"Saya kehilangan istri saya Carole, tiga anak saya Ryan, Kelly dan Ruby dan juga ibu mertua saya. Saya merasa kesepian. Saya lihat orang-orang bermain dengan anak-anak mereka, dan saya tak bisa. Saya tak bisa lagi melihat wajah dan mendengar suara mereka."
Paul Njoroge kehilangan seluruh keluarganya ketika Penerbangan 302 Ethiopian Airlines jatuh di Addis Ababa 10 Maret lalu dengan korban jiwa 157 orang.
Paul kini berpindah dari satu rumah temannya ke rumah teman yang lain. Ia tak sanggup melihat sepatu anak-anaknya.
"Saya masih bisa melihat kaki mereka di dalam. Saya tak akan pernah kembali ke rumah."
Penerbangan ET302 itu adalah pesawat Boeing 737 Max kedua yang jatuh dalam empat bulan.
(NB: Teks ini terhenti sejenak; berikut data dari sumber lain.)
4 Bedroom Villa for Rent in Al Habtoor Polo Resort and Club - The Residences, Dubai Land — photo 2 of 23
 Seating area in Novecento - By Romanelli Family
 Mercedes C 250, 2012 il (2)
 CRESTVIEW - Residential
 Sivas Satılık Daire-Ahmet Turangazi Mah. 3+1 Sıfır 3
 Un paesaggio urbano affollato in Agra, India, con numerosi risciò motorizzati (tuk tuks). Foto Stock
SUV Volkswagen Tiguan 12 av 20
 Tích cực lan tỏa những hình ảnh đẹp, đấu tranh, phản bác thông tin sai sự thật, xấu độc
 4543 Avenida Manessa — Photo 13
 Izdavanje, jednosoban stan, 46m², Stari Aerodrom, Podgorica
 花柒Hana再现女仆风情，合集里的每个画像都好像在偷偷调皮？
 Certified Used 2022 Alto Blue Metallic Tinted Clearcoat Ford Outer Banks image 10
Sebelumnya Boeing 737 Max milik Lion Air terjatuh di Karawang bulan Oktober 201 dilaporkan disebabkan oleh persoalan serupa: sistem kendali pesawat.
Maka keluarga korban seperti Paul bertanya: kenapa pesawat ini masih dibolehkan terbang sesudah ada kecelakaan sebelumnya?
Linimasa: Kecelakaan Boeing
- 29 Oktober 2018: 737 Max 8 yang dioperasikan Lion Air di Indonesia jatuh menewaskan 189 penumpangnya.
- 31 Januari 2019: Boeing melaporkan pemesanan 5.011 pesawat 737 Max dari 79 pelanggan.
- 10 Maret 2019: 737 Max 8 yang dioperasikan Ethiopian Airlines jatuh menewaskan 157 orang penumpangnya.
- 14 Maret 2019: Boeing melarang terbang seluruh armada 737 Max.
- 3 Juli 2019: Boeing menyatakan akan memberi kompensasi US$100 juta (sekitar Rp1,4 trilyun) kepada keluarga korban dan pihak terdampak di Indonesia dan Ethiopia.
Sangat marah
Chris dan Claryss Moore yang tinggal di pinggir kota Toronto kehilangan putri mereka Danielle dalam penerbangan ET302.
Danielle baru saja menghadiri konferensi PBB tentang lingkungan di Kenya.